Choosing colinear segments Colinear regions will be long diagonals that consist primarily of high (red, orange, and
to a lesser extent, green) BLAST hits. Note that they can run like so /, or like so \.
The former represents colinear sequences that should be aligned 5' to 3' in one sequence
and 5' to 3' in the other; the latter represents colinear sequences that should aligned
5' to 3' in one sequence and 3' to 5' in the other. Note that sometimes whole
pairs of sequences are colinear and other times only portions are. Sometimes
colinear regions are interrupted by long gaps in one sequence (or less often
both). Occasionally, one will see inversions, segments where one part of the sequence
has been flipped around, and these will look like a series of mixed diagonals like this.
/ \
\ or /
/ \
To choose a region to be aligned by COMGAP, click one hit to be at one end of the
alignment, then click another hit to be at the other end. If these two hits
agree in direction with the direction of the alignment, you will be asked if they
are correct. If you answer no, it will ask you to choose the first hit again.
If you answer yes, PickAl will create a string of hits between
these two that COMGAP will use to span the alignment.
If COMGAP will not be able to span the alignment, PickAl will ask you if you would
like it to try harder. If you answer yes, a series of black windows will open
and then disappear as it runs subsequences of your sequences though the
BLAST 2 sequences program again. If COMGAP can still cannot span the gaps, it will ask
you if you would like PickAl to try even harder. It will continue to do so until
(1) all gaps are spanned, (2) it is futile to try any longer, or (3) you tell it
to stop trying. At this point, PickAl will now write the file of anchors, and ask you if
you would like to quit or select another segment to be aligned.

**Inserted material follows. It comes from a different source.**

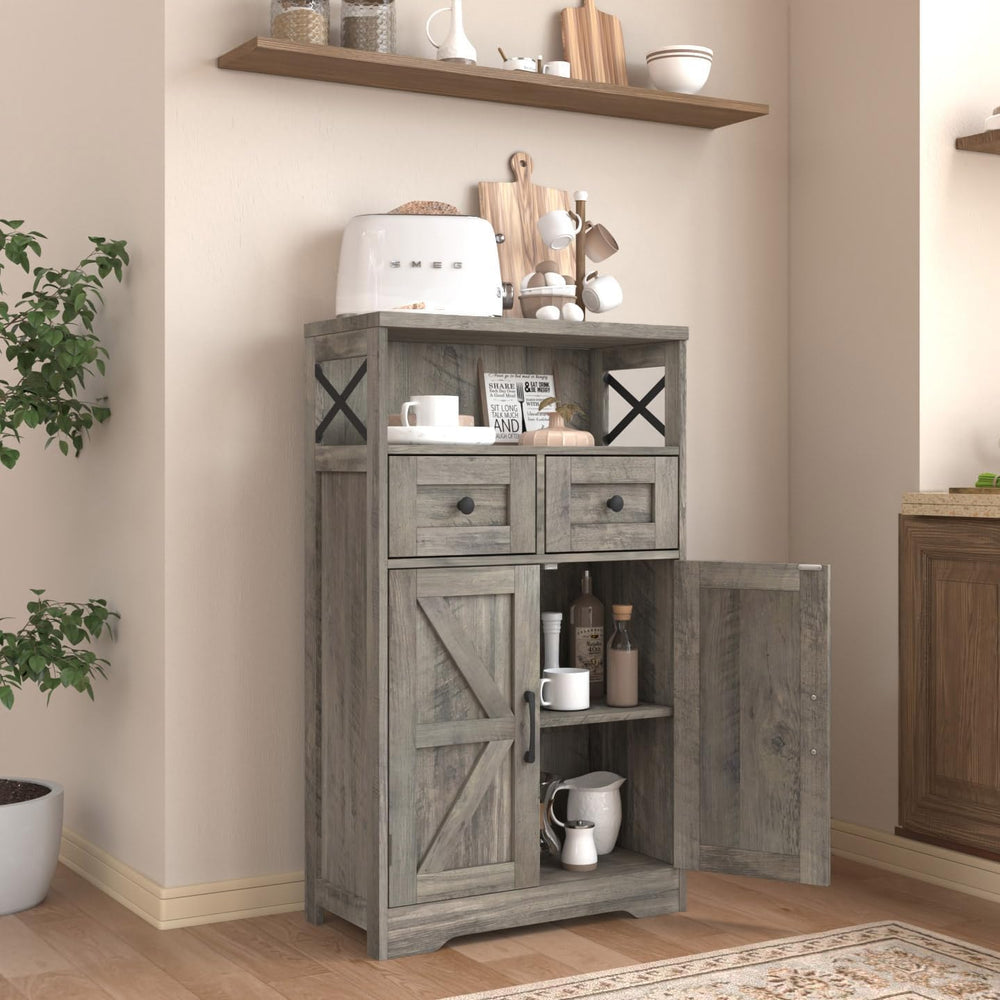 Befrases Farmhouse Storage Cabinet with Drawers and Shelf, Freestanding Kitch...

Merge is conceptually a much simpler program than PickAl. Let's say that you'd like to
align 3 or more (n) sequences together. (If you're only interested in pair-wise
alignment, you do not need MERGE.) Choose one of those sequences to be your guide,
and run BLAST 2 sequences (n-1)-times with that sequence as the -j sequence and each of the
other sequences as the -i sequence. Now, run each of the resulting files of hits through
PickAl and choose the regions to be aligned. MERGE takes the resulting files of anchors
and MERGES them together so that COMGAP can now make a global genomic alignment.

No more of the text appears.